Dallas Museum of Fine Arts at Fair Park

Birth of the Dallas Museum of Art

Two museums merged, forming the Dallas Museum of Art and triggering decades of tension.

At the Dallas Museum of Art’s April gala fundraiser, the Art Ball, patrons were treated to a lavishly produced video spoof based on the PBS drama series Downton Abbey, calledDowntown Artsy. In the seven-minute video, Dallas’ most prominent cultural philanthropists took part in what might be called a social-class drag show—a wealthy car dealer plays a butler, for example. Even Mayor Mike Rawlings takes a subordinate role, playing the valet to the DMA’s new director, Maxwell Anderson. The plot involves “Lord” Anderson’s efforts to open the museum—reimagined as an English country manor—to the general public for free, just as he did with the actual DMA in January.

If the video fails as farce, it is because farce is fueled by hyperbole, and Downtown Artsycomes across as a realistic metaphor for how many art museums actually function: as civic institutions governed by plutocracies. And yet, anyone familiar with Dallas’ cultural history can’t help but see something else in the video: a more nuanced take on 50 years of tension between the public art museum and its wealthy backers.

It’s likely that people who visited the DMA in 1963 wouldn’t recognize the institution today. For one, it was then called the Dallas Museum of Fine Arts and located in Fair Park. Led by the prominent Dallas artist Jerry Bywaters, the DMFA was a modest-size American art museum focused on building an encyclopedic collection while promoting and supporting the art of the Southwest and cultivating and exhibiting regional artists.

Dallas Museum for Contemporary Arts’ Signposts of Twentieth Century Art exhibition.

In the early 1960s, new wealth and ease of travel gave birth to art collectors who were interested in trends emerging out of Europe and New York. This created a peculiar cultural mix in Dallas, no better represented than by the controversy that surrounded a seemingly benign exhibition of modern masters, such as Pablo Picasso and Diego Rivera, at the DMFA in 1955. In March of that year, a local women’s group, flush with the spirit of McCarthyism, derided the museum for supporting artists it accused of being communists. The museum stood its ground, but the public protest spooked the patron class. A number of prominent collectors left the museum’s board and privately funded a new institution, the Dallas Museum for Contemporary Arts.

The Dallas Museum for Contemporary Arts was certainly poised to win Dallas cachet as a progressive, cultured city. The new museum mounted some of the first exhibitions in Dallas featuring towering artistic figures such as Georges Braque, Henri Matisse, and Maurice de Vlaminck. In 1959, the museum hired respected curator Douglas MacAgy, who staged important shows by the surrealist René Magritte and early pop artist Claes Oldenburg. Significantly, MacAgy also found and cultivated local artists. Works by Texas artists such as Jim Love and David McManaway were included in an exhibition that traveled to the Museum of Modern Art in New York. But despite its artistic success, the new museum struggled to compete for funds with the older and more established Dallas Museum of Fine Arts.
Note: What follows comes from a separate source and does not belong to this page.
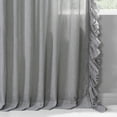 thumbnail image 5 of Nickel Faux Linen Ruffle Sheer Curtain (1 Panel), Nickel, 50W X 96L, 5 of 6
DMCA president Edward Marcus and trustees Betty Blake, Bernard Brister, Peter Wolfe, and Howard Mayer.
Finally, in the spring of 1963, the two museums merged. The board was enlarged to absorb the prodigal patrons, but there was still concern about the contemporary museum’s collection, which might be too progressive for some of the old guard. A compromise was struck. The Foundation for the Arts was created, a private endowment that would retain ownership of the DMCA’s collection, as well as solicit funds and purchase contemporary work on behalf of the museum. Thus, an uneasy partnership was born: a private foundation existing inside a public museum.
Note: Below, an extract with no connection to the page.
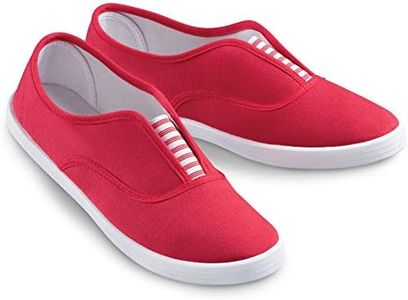 Collections Etc Slip-On Sneaker Shoes with Padded Insoles and Stripe Accent, Cotton, Red, 6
This private-public model has enabled the DMA to become a museum with collections, facilities, and significance that far outstrips the institution that existed in 1963. But in this funding model, patronage becomes a kind of ownership. I was reminded of this just two years ago when a very powerful collector told me he hated hearing criticism of the museum by people who don’t have “skin in the game.” In Dallas, money lends authority to one’s opinion. Culture is a pay-to-play sport.

The last scene in Downtown Artsy is its most fascinating. The curators and patrons of the museum play the extended family of Lord Anderson, gathered around to celebrate the opening of the museum to the people. “It’s the people of this city that are to be congratulated,” Lord Anderson says. It is a loaded statement, suggesting simultaneously that we, the riffraff masses, have finally matured beyond the knee-jerk yokels we once were. But the line is also meant to be tongue-in-cheek, a self-satirizing suggestion that the patron class also recognizes its outmoded disposition. Perhaps, after 50 years, the patron class is ready to trust the public.